Ippolito figlio degenere (Sen. Phaedr. 907-908)
- Autori: CASAMENTO A
- Anno di pubblicazione: 2007
- Tipologia: Articolo in rivista
- Parole Chiave: tragedia senecana - retorica - dinamiche relazionali
- OA Link: http://hdl.handle.net/10447/24079
Abstract
Le tragedie di Seneca costituiscono un compiuto laboratorio in cui la grande lezione del teatro antico si apre a nuove realtà di pensiero anche grazie al proficuo contatto con l’esperienza delle scuole di declamazione.
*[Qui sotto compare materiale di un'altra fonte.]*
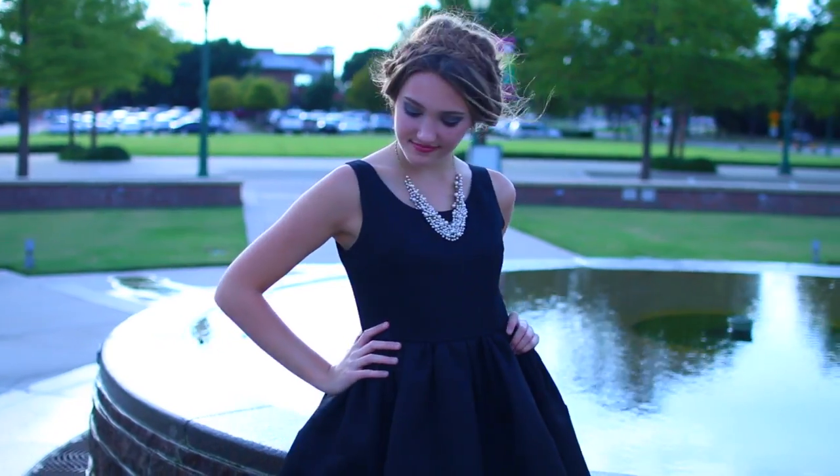Hi guys, today I'm here to do a video all about getting ready for homecoming. I'm going to be showing you guys a hairstyle, the makeup look I would do, and also what outfit I would wear. If this look is more casual or more dressy than you would usually wear to your homecoming, it's completely okay — you can modify it to fit whatever attire or makeup look is suitable for your school.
Così si dimostra in materia di abdicatio, tema fondante dell’universo declamatorio ma anche spia evidente di ricorrenti crisi tra generazioni. L’analisi dei vv. 907-908 della Phaedra di Seneca , nel contesto in cui Teseo maledirà il figlio credendo al complotto di Fedra e della nutrice circa la violenza perpetrata da Ippolito ai danni della matrigna, offre un saggio del contatto con la retorica praticata dalle scuole. Ed infatti nel comportamento scellerato del figlio Teseo conferma i segni di una colpevolezza latente nell’animo del ragazzo, nella sua eccessiva vicinanza ad universo femminile barbaro e selvaggio. Se ciò avviene in deroga ad ogni principio della biologia antica, dove è preminente sempre e comunque la presenza del padre, questa sarà dunque una validissima ragione che spingerà Teseo ad ‘abdicare’ Ippolito secondo l’assunto, che il lavoro dimostra ben noto ai declamatori, che ogni azione di un giovane può esser letta come una prova di conferma o disconferma della propria identità di figlio. Solo dopo la scoperta di avere comminato una immeritata sanzione, Teseo non potrà che riacquisire quel che resta di Ippolito all’interno del proprio genus, in quella che appare una velleitaria e frustrante agnitio post mortem.